• [WORK TO COMPLETE] A word-for-word copy of the whole listing is the required answer.

• [INFORMATION SHOWN]
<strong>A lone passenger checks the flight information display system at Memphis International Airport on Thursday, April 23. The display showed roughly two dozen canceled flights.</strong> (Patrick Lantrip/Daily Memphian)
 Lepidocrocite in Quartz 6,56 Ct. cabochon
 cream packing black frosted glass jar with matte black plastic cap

• [RESULT OF THIS EXERCISE]
<strong>A lone passenger checks the flight information display system at Memphis International Airport on Thursday, April 23. The display showed roughly two dozen canceled flights.</strong> (Patrick Lantrip/Daily Memphian)
 Lepidocrocite in Quartz 6,56 Ct. cabochon
 cream packing black frosted glass jar with matte black plastic cap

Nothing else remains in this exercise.